Apocalipse ou soteriologia? Fim ou télos (finalidade)?
A fatalidade do advento da morte, biblicamente anunciada pela lembrança constante da nossa condição humana de mortais, não nos impede de ignorar a lei da impermanência que nos rege e até de sonhar, audaz ou ingenuamente, com a possibilidade de uma post mortem ou vita ad eternum. Desde sempre, as escatologias, todas, tentam enfeitiçar/ludibriar a morte: as nossas tradições, com os mortos que nunca nos deixam e estão sempre connosco (Alioune Diop); as soteriologias da reincarnação com tumbas faraónicas à espera do regresso das almas; os monoteísmos com a ressurreição… Os credos laicos inventaram fórmulas imanentes de eternidade – a escrita, o plantio de árvores, os filhos e até as obras em materiais aparentemente indestrutíveis –, de modo a que o fechar dos olhos e os cemitérios não sejam um fim apocalíptico, mas um escaton. Contudo, o que verdadeiramente prevalece é o desassombro de impotência diante da última fronteira metafísica, a morte, que os hodiernos trans-humanismos e pós-humanismos, com a demiurga tecnociência, pretendem derrubar.
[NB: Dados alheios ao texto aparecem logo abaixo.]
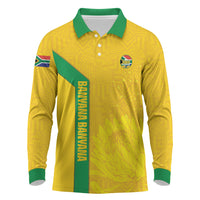 South Africa Soccer Custom Long Sleeve Polo Shirt Banyana Banyana Protea Yellow Version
Se a barreira da morte for derrubada um dia, chegará depois dos tempos de luta e de combate (Jorge Rebelo) do Carlos, mas oxalá se recorde que, contra os fundamentos (racialistas, belicistas e nacio-xenofóbicos) dos elogios fúnebres (laudatio funebris) clássicos, desde Péricles (Tucídides, História da Guerra do Peloponeso), passando por Shakespeare (oração fúnebre a Júlio César por Marco António), com uma vida simples e humilde ele bravou as leis e os costumes (raças, crenças, lusitanismo) em nome do maior dos amores: a amizade (Aristoteles), único antídoto contra o poder da morte, pois foi no coração e na mente dos amigos que ele depositou a sua eternidade, onde o poder disruptor da morte é anulado e a vida ganha um novo sentido e uma nova forma de existência.
Estoicamente, seguiremos vivendo o tempo que a irmã Morte ainda nos concede, conscientes de que cada momento pode ser o último e, ao mesmo tempo, o primeiro, no (ainda) enigmático ou misterioso desconhecido que nos espera e em que Carlos já se encontra.
Ficarás sempre connosco como o amigo abnegado e sincero, virtudes manifestas nos textos conjuntos, arraigados na busca (efémera) da justiça e nos pensamentos soltos e dispersos, da liberdade que nos deixaste. Amanhã vamos dispersar as cinzas do teu corpo com a esperança de que, como o pior dos vírus, contaminem o maior número de crianças e jovens com os valores que foram os teus: um Moçambique cioso da sua liberdade (através de um trabalho abnegado), das suas artes, das suas gentes; de clara e de (com) gema, de Cristo e de Maomé, da(s) Sommerschield(s) e do(s) Bairro(s) Indígena(s)…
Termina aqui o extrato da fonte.